Om vrouwspecifieke zorg alvast een stapje dichterbij te brengen kunnen vrouwen ook zelf wat doen, was de consensus onder de WOMEN-Inc.-panelleden. Goede communicatie in de spreekkamer moet uiteindelijk van twee kanten komen, en is alleen mogelijk als zowel arts als patiënt voldoende kennis in huis hebben. Bewustzijns- en preventiecampagnes bij een breed publiek kunnen vrouwen verder helpen om hun bekendheid met medische onderwerpen te vergroten, en hen motiveren om hun wensen en zorgbehoeftes te uiten.

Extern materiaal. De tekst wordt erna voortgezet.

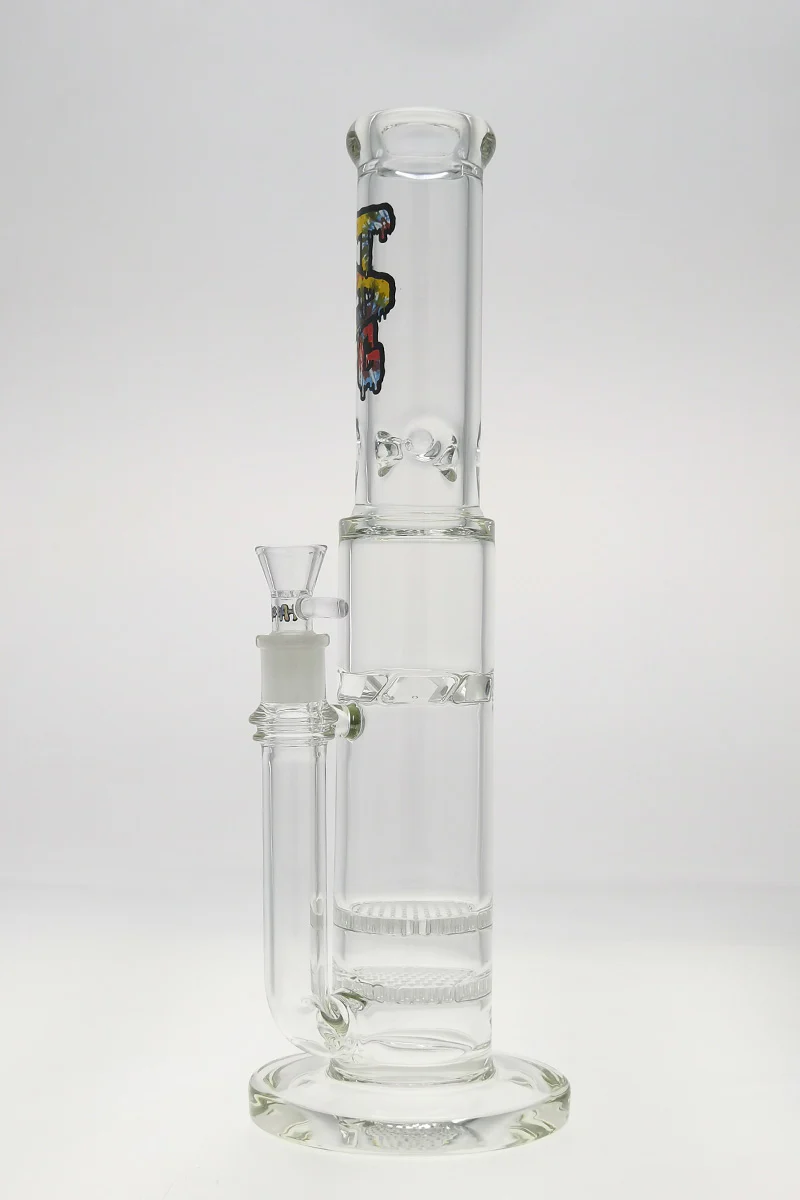 TAG - 16" Double Honeycomb to Spinning Splash Guard Bong 50x7MM (18MM Female) - Image 36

Het is tijd dat Nederland gaat investeren in onderzoek, onderwijs en voorlichting op het gebied van vrouwspecifieke klachten en aandoeningen. Een dergelijke injectie is noodzakelijk om de zorg voor vrouwen naar een hoger kwaliteitsniveau te brengen. En daar ligt meteen een uitdaging: in een tijd waarin bezuinigen aan de orde van de dag zijn kan dit traject nog wel eens hobbelig gaan verlopen. Maar als we in Nederland de discussie over het belang van vrouwspecifieke zorg aan blijven gaan, kunnen we politieke, medische en maatschappelijke krachten bundelen. Er is namelijk nog genoeg (gezondheids)winst te behalen.
Maaike Muntinga is onderzoeker naar ouderenzorg bij de Vrije Universiteit Amsterdam.